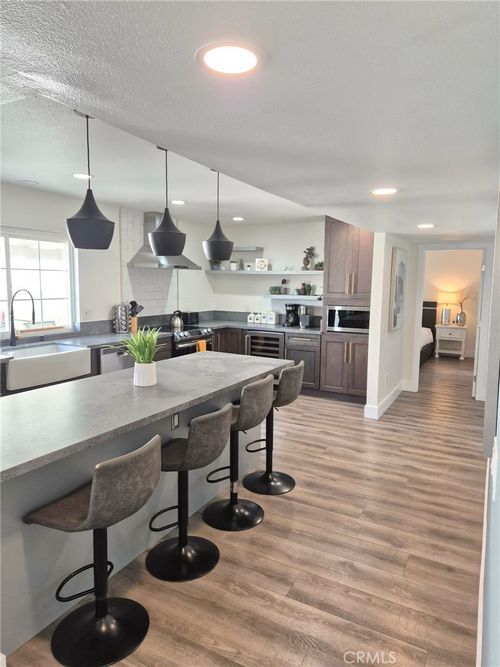 14201 Wiltshire St, Westminster, CA, 92683-3585 | Card Image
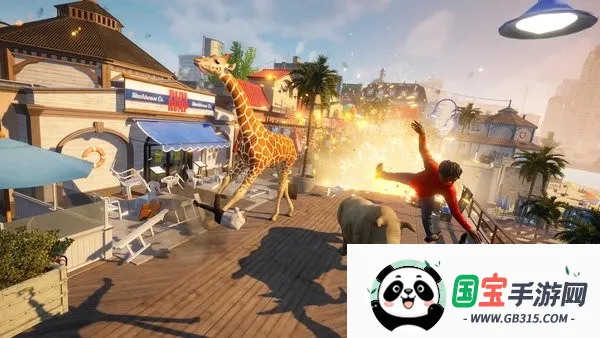 ģɽ3(ɽģϷ)v1.5 Ѱͼ3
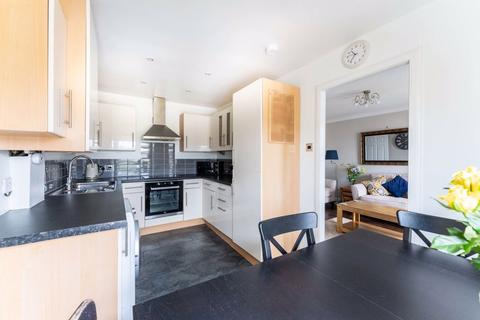 2 bedroom apartment for sale - Grandfield, Edinburgh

EXERCISE DIRECTIONS —
Omit every picture while copying the listing above exactly.

TASK ANSWER —
 14201 Wiltshire St, Westminster, CA, 92683-3585 | Card Image
 ģɽ3(ɽģϷ)v1.5 Ѱͼ3
 2 bedroom apartment for sale - Grandfield, Edinburgh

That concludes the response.